La vida pasa rápido. De pronto estás jugando en la calle con apenas una
decena de años y hoy ya eres un hombre entrando en los grandiosos cuarenta
años.
¿Qué pasó con tus ilusiones de juventud, con tus sueños y tus ideales?,
¿aún los recuerdas, los conservas? ¿Pasaste por la vida siguiendo lo que el
camino te iba trayendo?, ¿o te abrazaste a tus ideales y no perdiste la fe? Es
a esta reflexión a la que nos invita José Martín Descalzo con este hermoso
texto que hoy presentamos.
Lejos de querer mostrar una visión negativa de la vida, José Martín,
advierte sobre los peligros de vivir una vida arrastrada por el mundo. Ilustra
claramente las batallas, que sin saber, el hombre adulto va perdiendo en la
vida. Es como un llamado de atención a no vivir a tientas sino a tomar la vida
que se nos ha regalado en nuestras manos y responder a los anhelos del corazón,
que llevan inscritos como un código, ese plan maestro que el creador ha
confiado a cada uno de nosotros.
¿A qué derrota llegas muchacho?
“Me ha angustiado tu carta de hoy,
muchacho. ¡Te muestras tan seguro de ti mismo, te sientes tan gozoso de «haber
madurado»! Te juro que he temblado al percibir esa punta de desprecio con la
que hablas de tus años juveniles, de tus sueños, de aquellos ideales que
—dices— «eran, si, hermosos, pero irrealizables». Ahora, me explicas, te has
adaptado a la realidad y, con ello, has triunfado. Tienes un nombre, una buena
casa, un cierto capital, una familia… Exhibes todo eso como si fueran joyas en
el escote de una dama. Sólo, en medio de tanto orgullo, se te escapa un
diminuto relámpago de nostalgia al reconocer que: «aquellos absurdos sueños
eran, cuando menos, hermosos».
Tu carta ha evocado en mí un viejo texto del doctor Schweitzer que desde
hace veinte años me persigue. Me gustaría que te lo aprendieras de
memoria, porque puede ser tu última tabla de salvación:
Lo que comúnmente nos hemos acostumbrado a ver como madurez en el hombre
es, en realidad, una resignada sensatez. Uno se va adaptando al modelo impuesto
por los demás al ir renunciando poco a poco a las ideas y convicciones que le
fueron más caras en la juventud. Uno creía en la victoria de la verdad, pero ya
no cree. Uno creía en el hombre, pero ya no cree en él. Uno creía en el bien y
ahora no cree. Uno luchaba por la justicia y ha cesado de luchar por ella. Uno
confiaba en el poder de la bondad y del espíritu pacífico, pero ya no confía.

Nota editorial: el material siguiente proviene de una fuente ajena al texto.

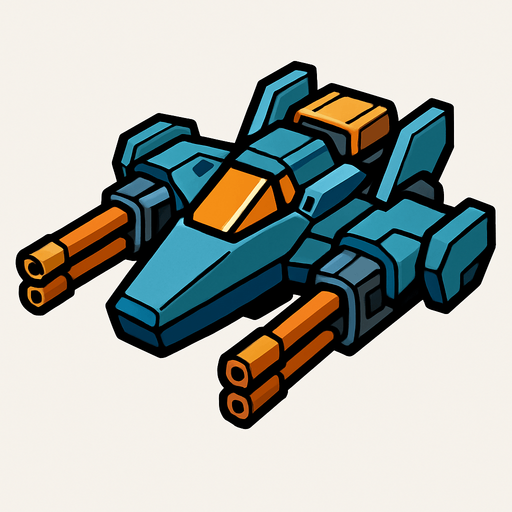 Space ship with guns.
In-Game asset.  2d.  High contrast.  No shadows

Era capaz de entusiasmos, ya no lo es. Para poder navegar mejor entre los
peligros y las tormentas de la vida se ha visto obligado a aligerar su
embarcación. Y ha arrojado por la borda una cantidad de bienes que no le
parecían indispensables. Pero que eran justamente sus provisiones y sus
reservas de agua. Ahora navega, sin duda, con mayor agilidad y menos peso, pero
se muere de hambre y de sed.
Leí estas palabras cuando yo era poco más que un muchacho. Y no me han
abandonado nunca. Porque he visto en ellas el retrato exactísimo de cientos de
vidas. ¿Es cierto, entonces, que crecer es tan terrible? ¿Vivir es simplemente
ir abandonando? ¿Eso que llamamos «madurez» es casi siempre puro
envejecimiento, simple resignación, ingreso en los cuarteles de la mediocridad?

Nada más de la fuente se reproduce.